Your answer must be an exact copy of the data, without any pictures.

···

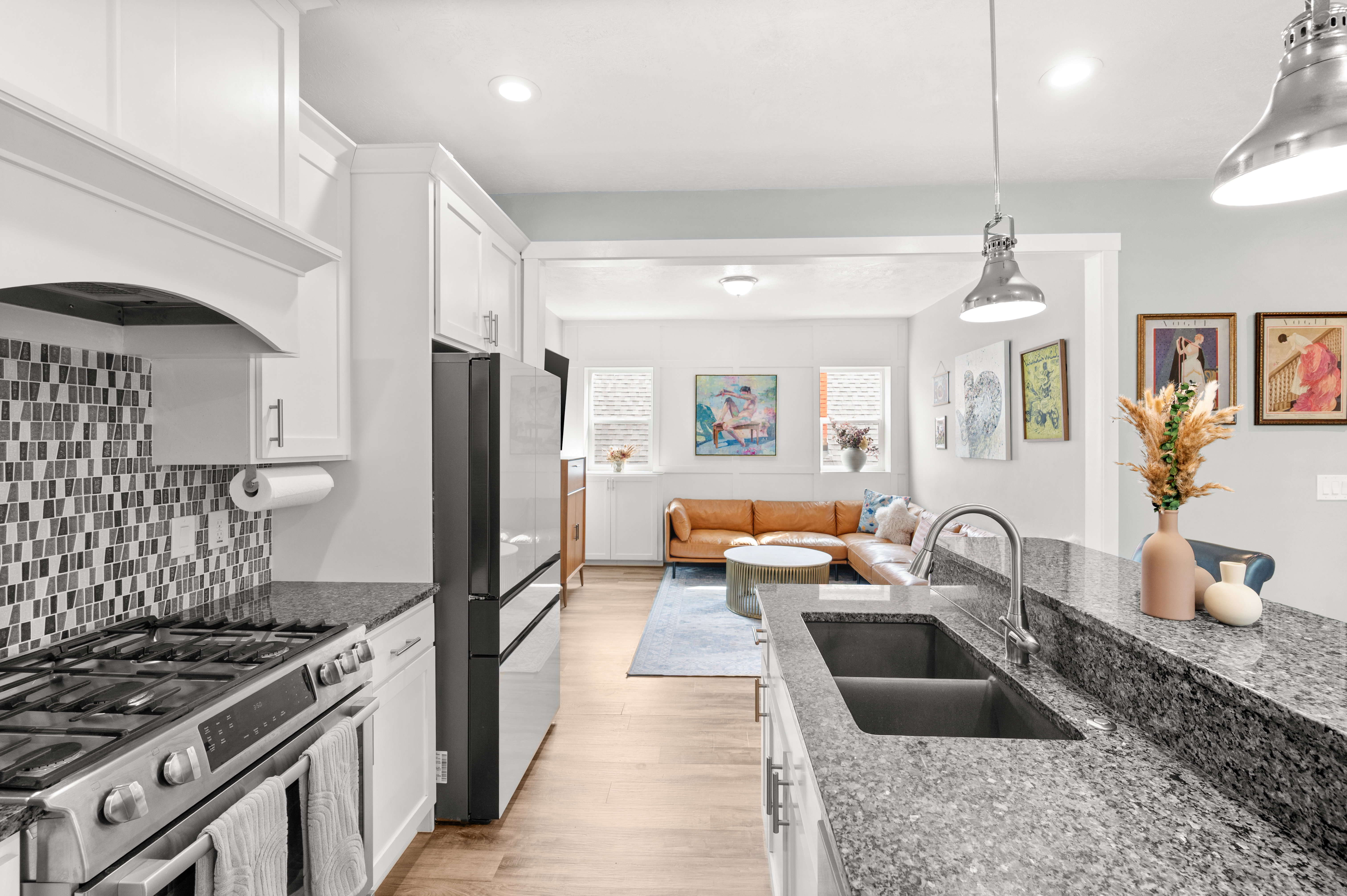 Kitchen with white cabinets, stainless steel gas range oven, dark stone countertops, and open floor plan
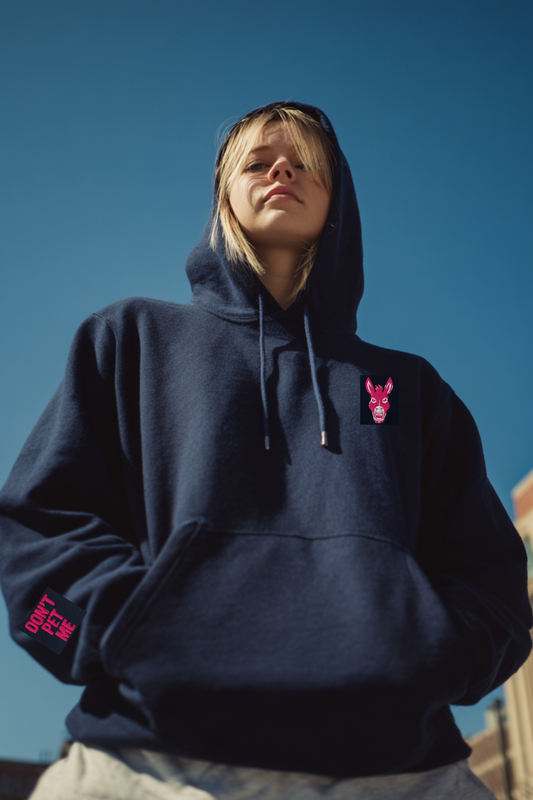 Person wearing a navy blue hoodie with pink logo against a clear blue sky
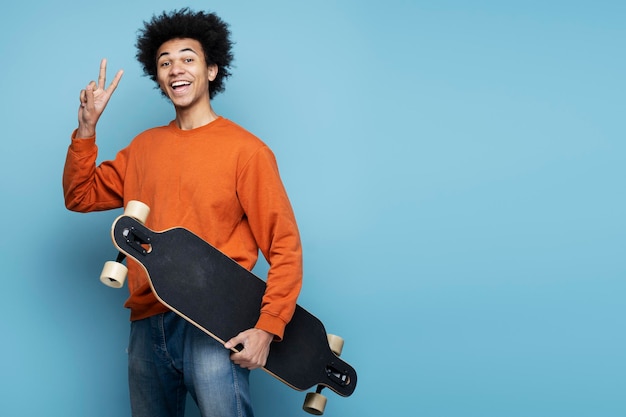 Lachende Afro-Amerikaanse man met longboard met overwinningsteken geïsoleerd op blauwe achtergrond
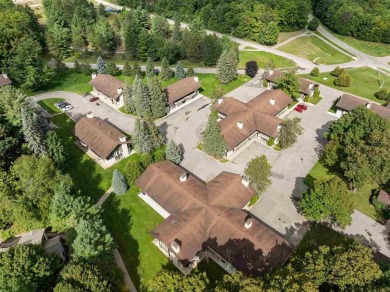 Experience the ultimate mountain retreat at this impeccably on Boyne Mountain Resort - Alpine in Michigan - for sale on GolfHomes.com, golf home, golf lot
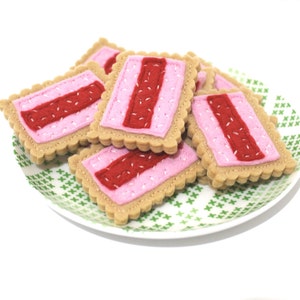 May include: A plate of felt cookies with pink and red frosting. The cookies are shaped like rectangles and have a scalloped edge.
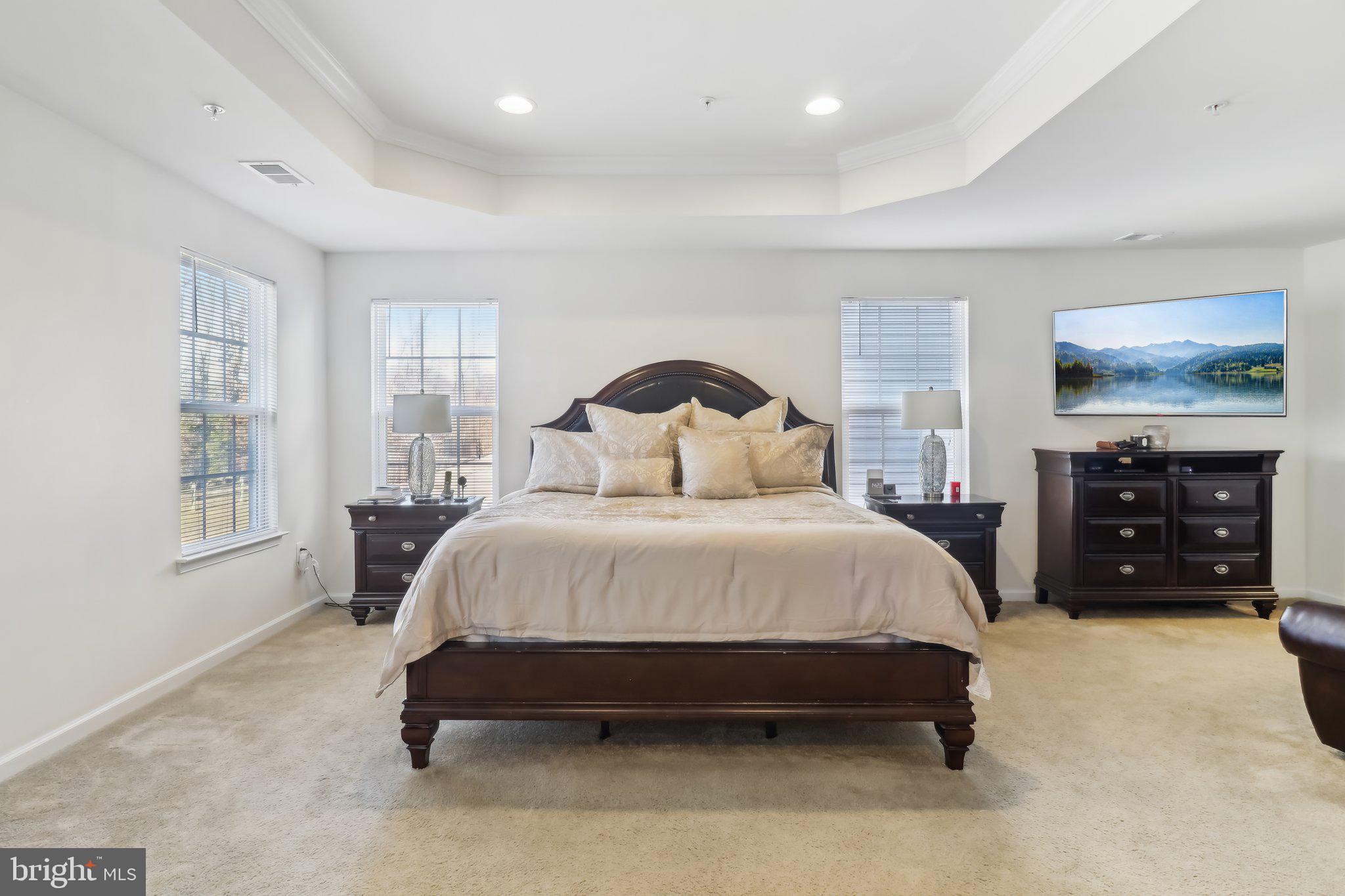 14013 Wheel Wright Place Accokeek, MD 20607 - Photo 12 of 38 a spacious bedroom with a bed a couch and large window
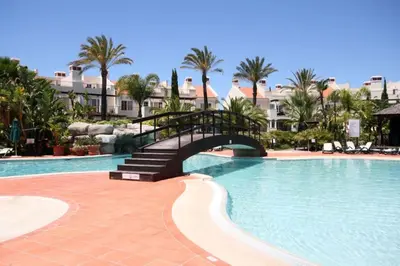 a couch and an umbrella on a patio at 2 bed Apartment Palmyra Vila Sol in Quarteira
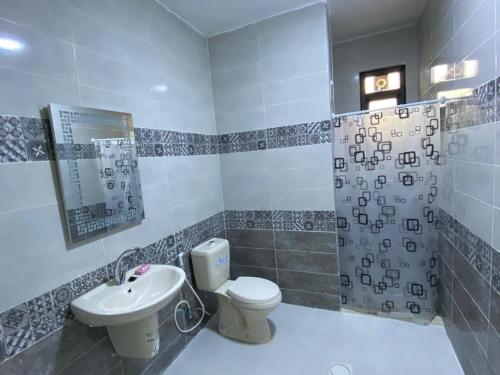 łazienka z toaletą i umywalką w obiekcie Moon Apartments w mieście Dżarasz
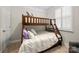 Bedroom with a wooden bunk bed, carpet, and natural light from the window at 274 Robinwood Ln, Lake Wylie, SC 29710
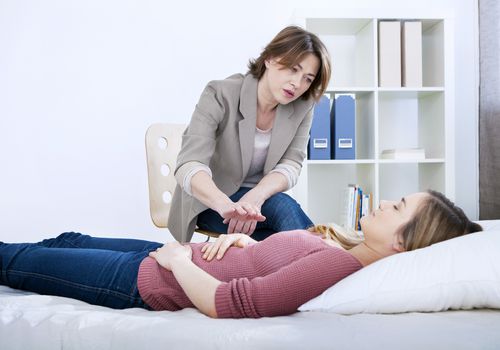 Therapist performing hypnotherapy on a woman lying down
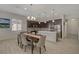 Kitchen with stainless steel appliances, dark cabinetry, and a large island overlooks the dining area at 5518 Taylor Rose Ave, Las Vegas, NV 89139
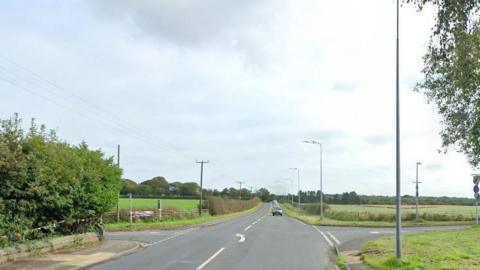 A general view showing the junction on Chester Road, between Stoney Lane and the A54. A car can be seen in the distance. 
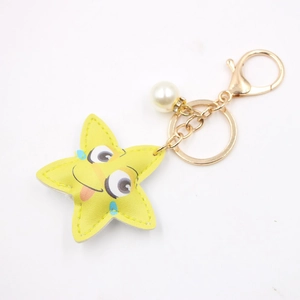 Yellow leather star keychain with cartoon face and pearl rhinestone charm on golden ring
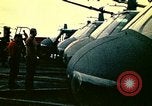 Image of VNAF helicopters on USS Midway during evacuation from Saigon South China Sea, 1975, second 37 stock footage video 65675069509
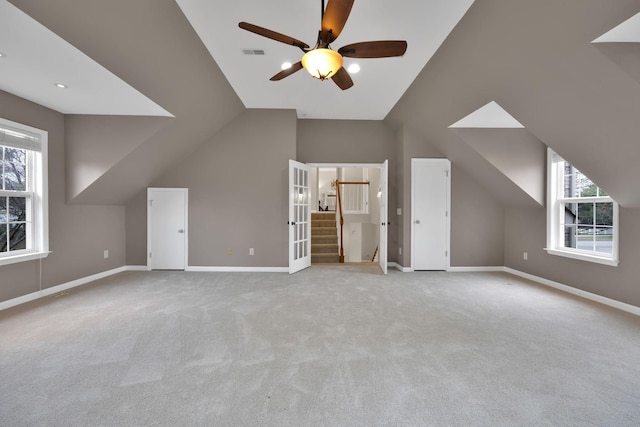 additional living space with a wealth of natural light, light colored carpet, and vaulted ceiling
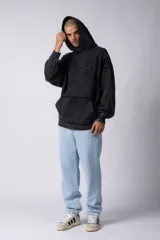 Buzo canguro de corte oversize, confeccionado en frisa de algodón con efecto de lavado gastado. Presenta un aplique decorativo cosido al corte en el centro del pecho, capucha amplia y bolsillo frontal tipo canguro.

···

- RESPONSE FOR THIS EXERCISE -
 Kitchen with white cabinets, stainless steel gas range oven, dark stone countertops, and open floor plan
 Person wearing a navy blue hoodie with pink logo against a clear blue sky
 Lachende Afro-Amerikaanse man met longboard met overwinningsteken geïsoleerd op blauwe achtergrond
 Experience the ultimate mountain retreat at this impeccably on Boyne Mountain Resort - Alpine in Michigan - for sale on GolfHomes.com, golf home, golf lot
 May include: A plate of felt cookies with pink and red frosting. The cookies are shaped like rectangles and have a scalloped edge.
 14013 Wheel Wright Place Accokeek, MD 20607 - Photo 12 of 38 a spacious bedroom with a bed a couch and large window
 a couch and an umbrella on a patio at 2 bed Apartment Palmyra Vila Sol in Quarteira
 łazienka z toaletą i umywalką w obiekcie Moon Apartments w mieście Dżarasz
 Bedroom with a wooden bunk bed, carpet, and natural light from the window at 274 Robinwood Ln, Lake Wylie, SC 29710
 Therapist performing hypnotherapy on a woman lying down
 Kitchen with stainless steel appliances, dark cabinetry, and a large island overlooks the dining area at 5518 Taylor Rose Ave, Las Vegas, NV 89139
 A general view showing the junction on Chester Road, between Stoney Lane and the A54. A car can be seen in the distance. 
 Yellow leather star keychain with cartoon face and pearl rhinestone charm on golden ring
 Image of VNAF helicopters on USS Midway during evacuation from Saigon South China Sea, 1975, second 37 stock footage video 65675069509
 additional living space with a wealth of natural light, light colored carpet, and vaulted ceiling
 Buzo canguro de corte oversize, confeccionado en frisa de algodón con efecto de lavado gastado. Presenta un aplique decorativo cosido al corte en el centro del pecho, capucha amplia y bolsillo frontal tipo canguro.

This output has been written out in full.